MEMBUANG DURI DALAM DAGING

MEMBUANG DURI DALAM DAGING

"Poisoner do their deadly work in secret. The evidence in
poisoning cases is nearly always circumstantial. In this case it is
more direct than usual. You must remember that poisoning is always
concealed and deliberate. It is crime that is not done in a moment of
passion, or on an impulse. It is crime that must be planned."

Itulah ungkapan hakim William Windeyer saat mengadili Dean,
pelaku pembunuhan dengan racun, di Pengadilan Pidana Pusat Sidney
tahun 1896, yang dikutip Peter Macinnis dalam buku Poisons, from
Hemlock to Botox and the Killer Bean of Calabar (Arcade New York
2005).

Ungkapan itu memang telah lama, tetapi maknanya masih relevan
untuk dijadikan jendela dalam melihat pembuktian yuridis kasus
pembunuhan aktivis HAM, Munir Said Thalib (39).

Sebagai hamba hukum, hakim Windeyer menginsafi, pelaku pembunuhan
dengan racun melaksanakan pekerjaan mematikan dalam kerahasiaan.
Kasus-kasus ini hampir selalu bertumpu pada circumstantial evidence
dan pada keadaan yang memungkinkan pengadilan untuk menjangkau
kesimpulan bahwa seseorang bersalah meski tanpa bukti yang
sempurna/konklusif.

Dalam kerahasiaan

Kejahatan ini lebih langsung dari biasa.
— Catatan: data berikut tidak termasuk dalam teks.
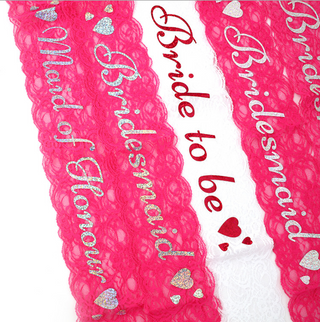 maid of honor ribbon pink lace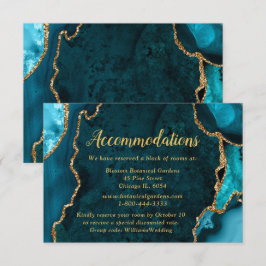 Cartão De Informações Teal Blue and Gold Agate Wedding Accommodations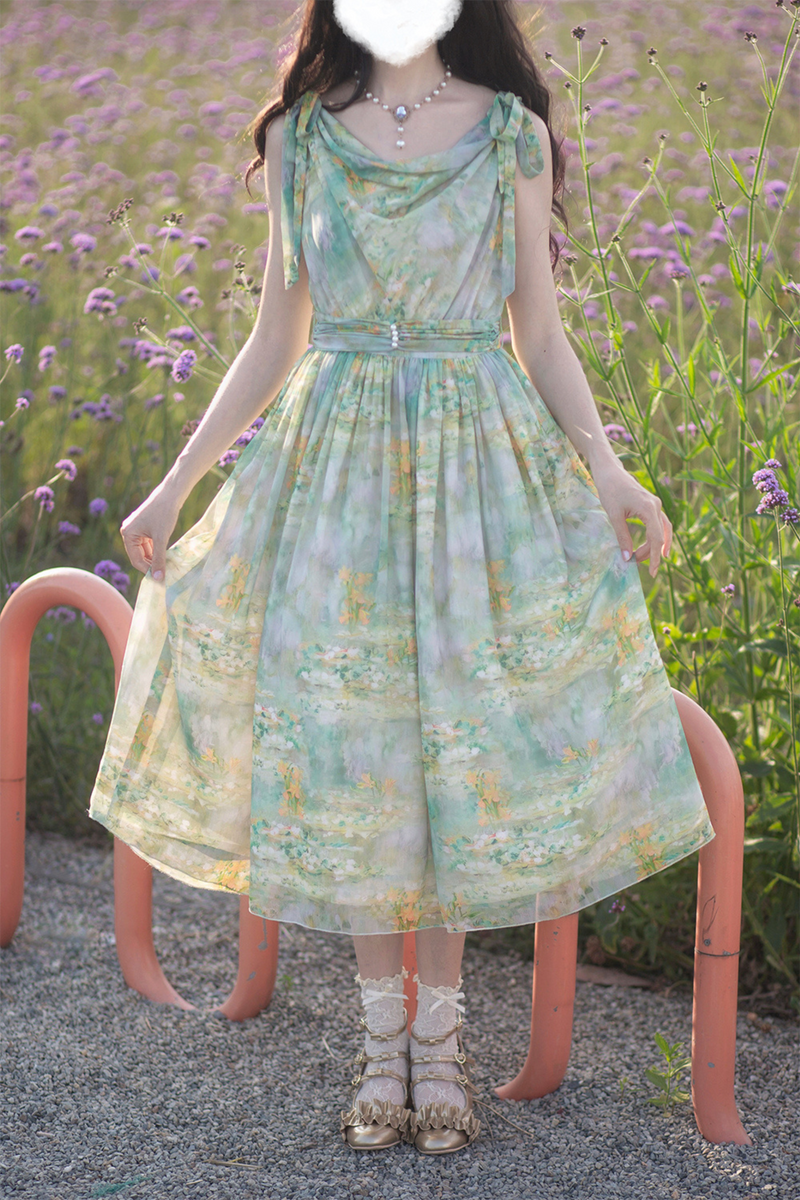 Marble Resort Chiffon Print Dress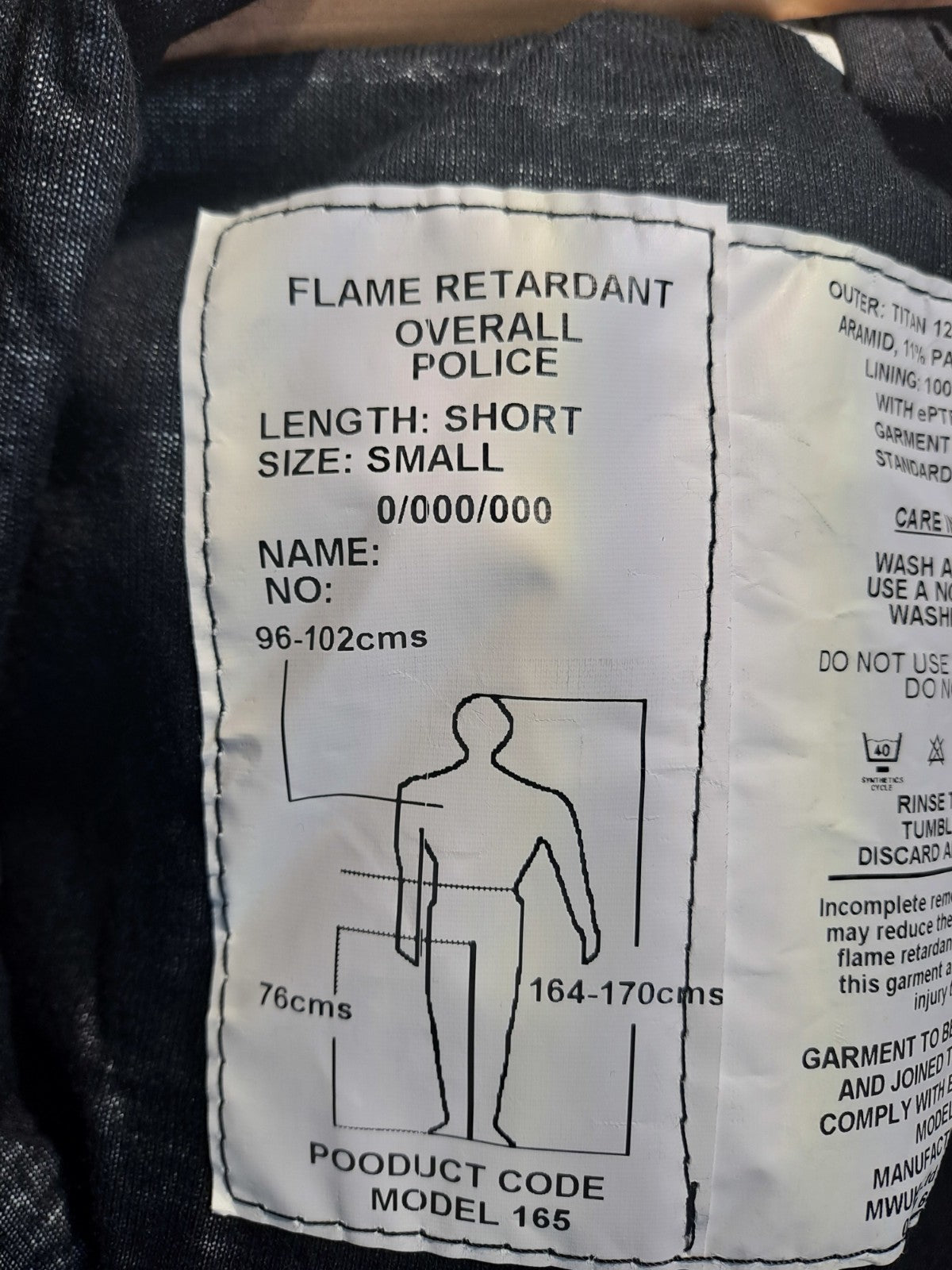 Genuine Surplus British Police FR Overall Fully Lined Padded Knees G2 2584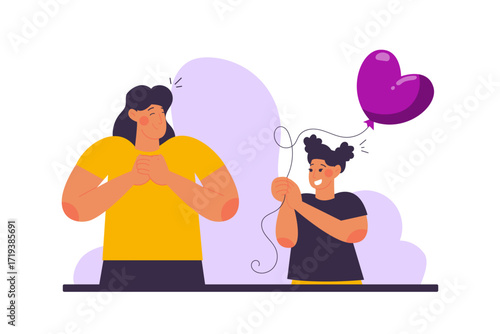 a girl gives a heart-shaped balloon to her mother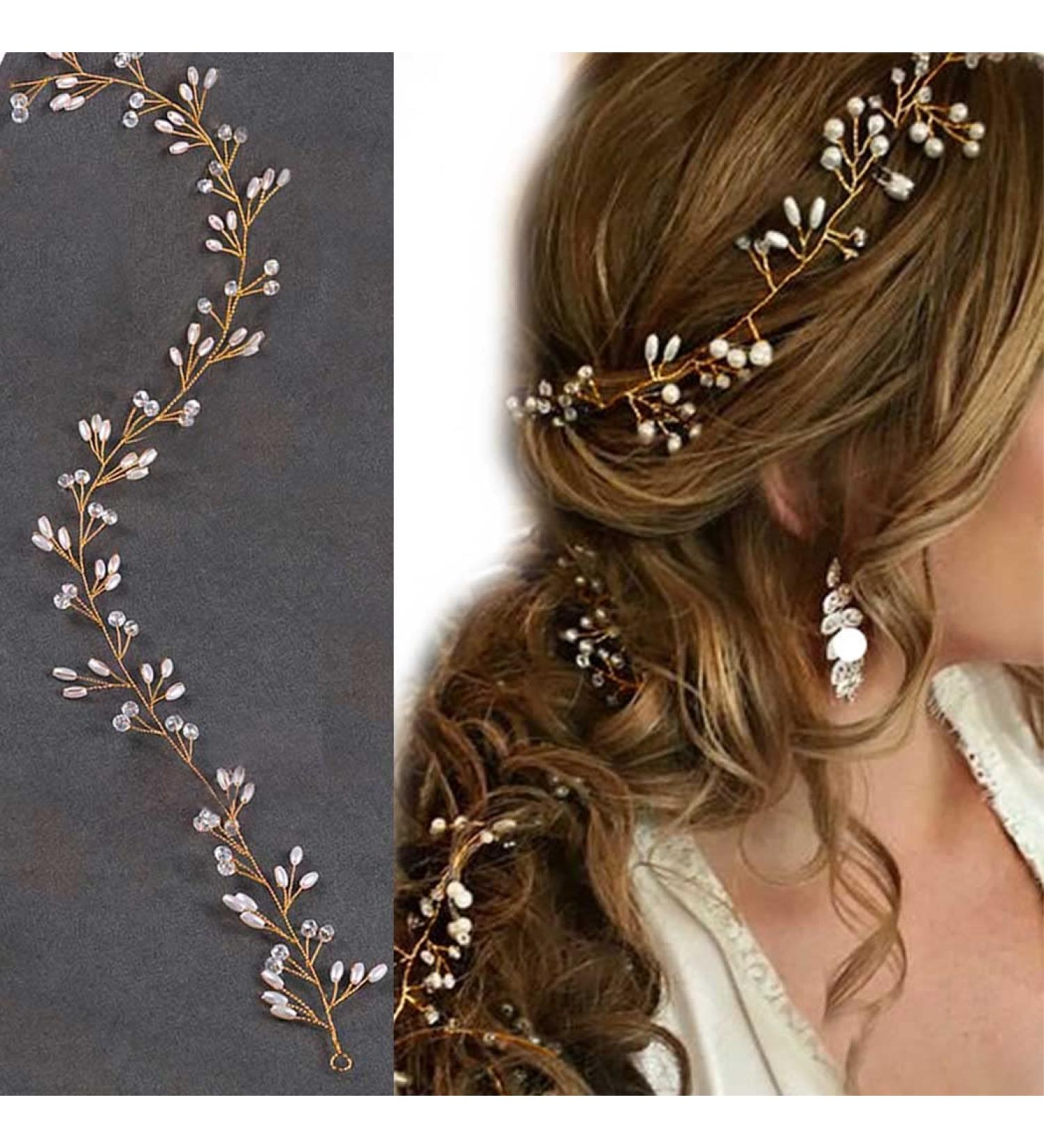 Casdre Pearl Rhinestone Bridal Hair Vine Headpiece - B Gold | Wedding Accessories for Women and Girls - Buy Online on GoSupps.com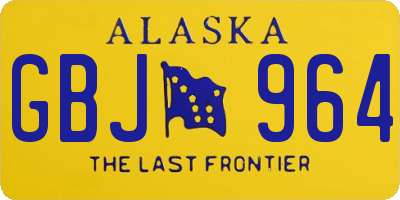 AK license plate GBJ964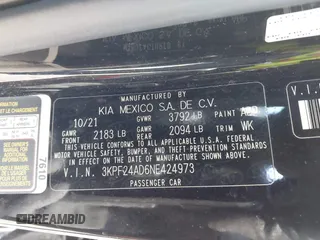 2022 Kia Forte LXS with VIN 3KPF24AD6NE424973, listed as a IAAI auction lot 41845140 with 49,917 mi miles and . Bid and sale history available at DreamBid. Image 9.
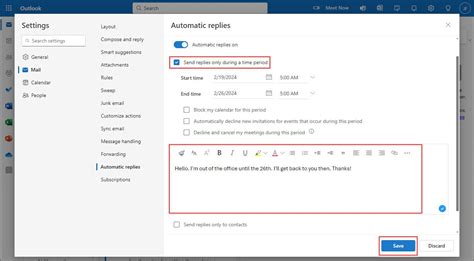 How to Set Automatic Out of Office Reply in Outlook
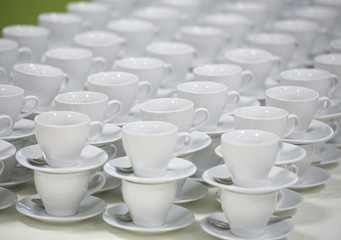 Lots Of White Coffee Cups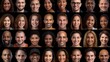 A Hundreds of multiracial people crowd portraits headshots collection, collage mosaic. Many lot of multicultural different male and female smiling faces looking at camera.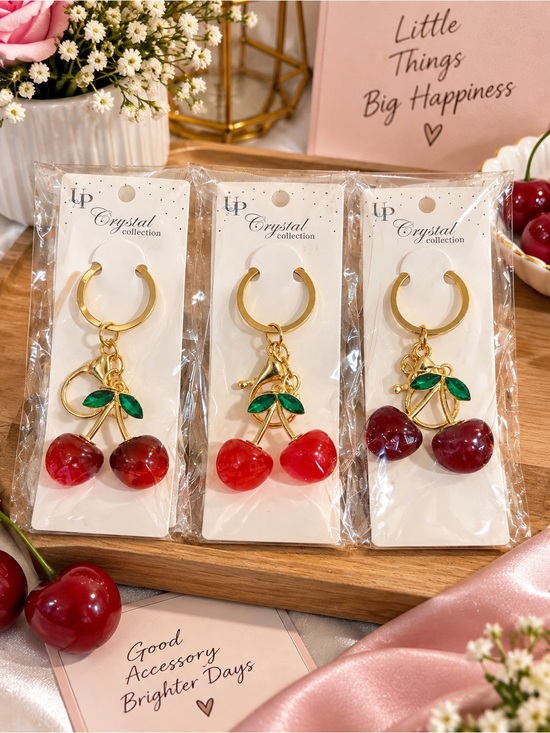 Accessories - 3 cherry charms with gold hardware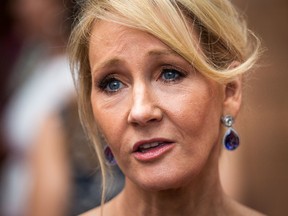 J. K. Rowling attends a press event in London, England for the release of the latest installment of the Harry Potter series.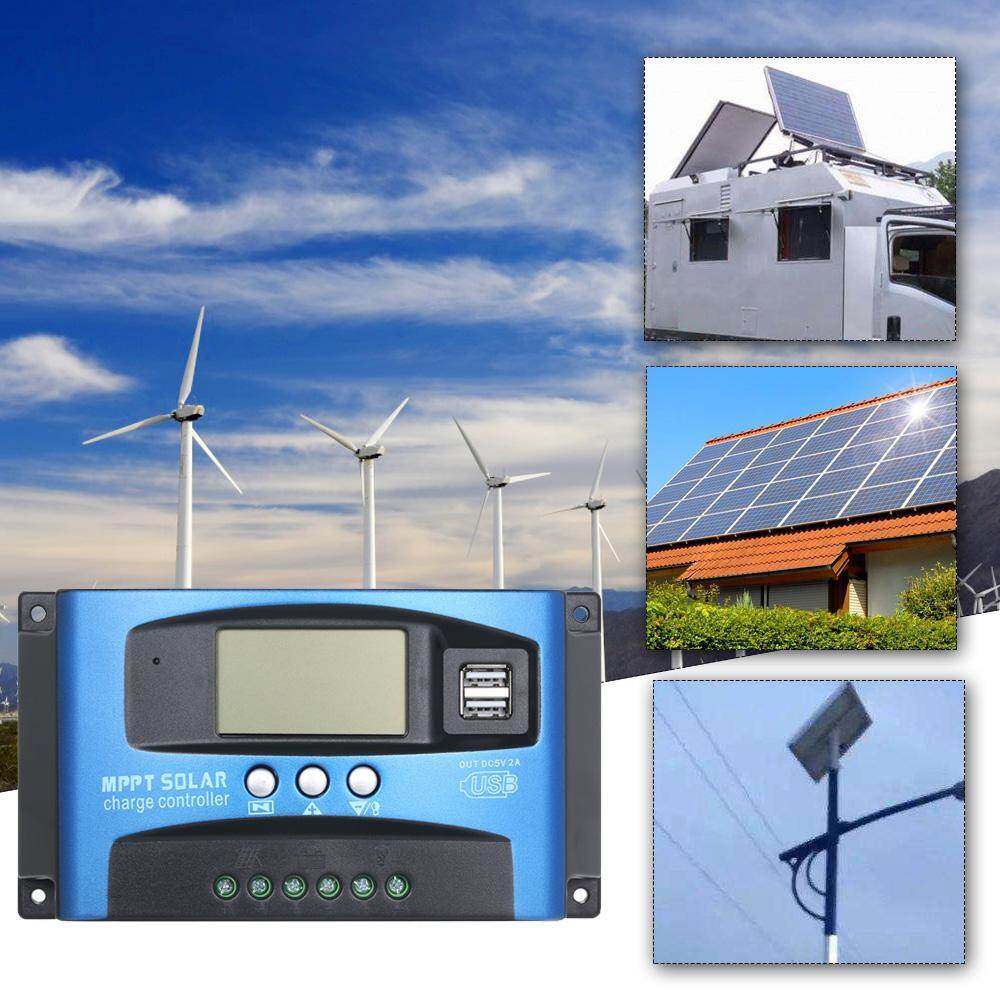Bộ Điều Khiển Sạc Năng Lượng Mặt Trời 100A MPPT Tấm Pin Năng Lượng Mặt Trời Tự Động Hiển Thị Màn Hình LCD USB Kép Bộ Điều Chỉnh Sạc Fannlady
Kita, kata Windeyer,
harus ingat bahwa peracunan selalu disembunyikan, nyaris tak
terlihat, serta dipenuhi kesengajaan, niat, dan kehendak. Ia adalah
kejahatan yang tidak dapat dilaksanakan dan selesai dalam sebuah
momen keraguan atau sebuah momen keseketikaan. Ia adalah kejahatan
yang pasti telah direncanakan. Itu pasti.

Pada kasus Munir, ada keyakinan kuat, ia telah mati karena
terbunuh racun, seseorang telah meracunnya secara kejam dan pengecut.
Dan sang peracun tidak sendirian, tetapi ada dalam komplotan.
Keyakinan ini bukan tanpa bukti. Hanya saja, pada sisi lain mata
rantai bukti-bukti dalam kejahatan ini terkesan menjadi terputus.

Pembuktian yuridis who did what to whom berakhir dengan vonis 14
tahun penjara oleh pengadilan negeri kepada Pollycarpus atas tuduhan
pembunuhan berencana dan penggunaan surat palsu. Namun, dua hakim
agung majelis kasasi Mahkamah Agung membatalkan tuduhan pembunuhan.
Pandangan hukum kaum positivis merasa babak ini akhir segalanya, demi
kepastian hukum.

Bagi kita, hukum harus menyibak kebenaran sehingga keadilan bisa
tegak. Kepastian hukum yang menyisakan kebenaran masih sebagai
misteri, keadilan pun tak hadir, dan ini tidak boleh dibiarkan.

Pencarian kebenaran

Upaya mengungkap kebenaran dalam kasus pembunuhan Munir telah
menempuh semua cara yang mungkin dan tersedia. Dari segi hukum,
pengajuan peninjauan kembali (PK) adalah upaya terakhir yang mungkin
dilakukan kendati justifikasinya dalam prosedur keadilan bersifat
problematik. Satu-satunya dasar legal utama bagi upaya PK adalah
pencarian kebenaran demi keadilan itu sendiri.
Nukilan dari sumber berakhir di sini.